◆ What the task requires: Every line from the line containing "Chaise de bureau" to the end of the data must appear in the answer exactly as it appears there, and nothing else.

◆ Dataset extract:
· · ·

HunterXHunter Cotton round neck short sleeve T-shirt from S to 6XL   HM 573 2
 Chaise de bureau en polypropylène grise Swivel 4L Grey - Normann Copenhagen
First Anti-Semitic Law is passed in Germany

· · ·

◆ Solution for this problem:
 Chaise de bureau en polypropylène grise Swivel 4L Grey - Normann Copenhagen
First Anti-Semitic Law is passed in Germany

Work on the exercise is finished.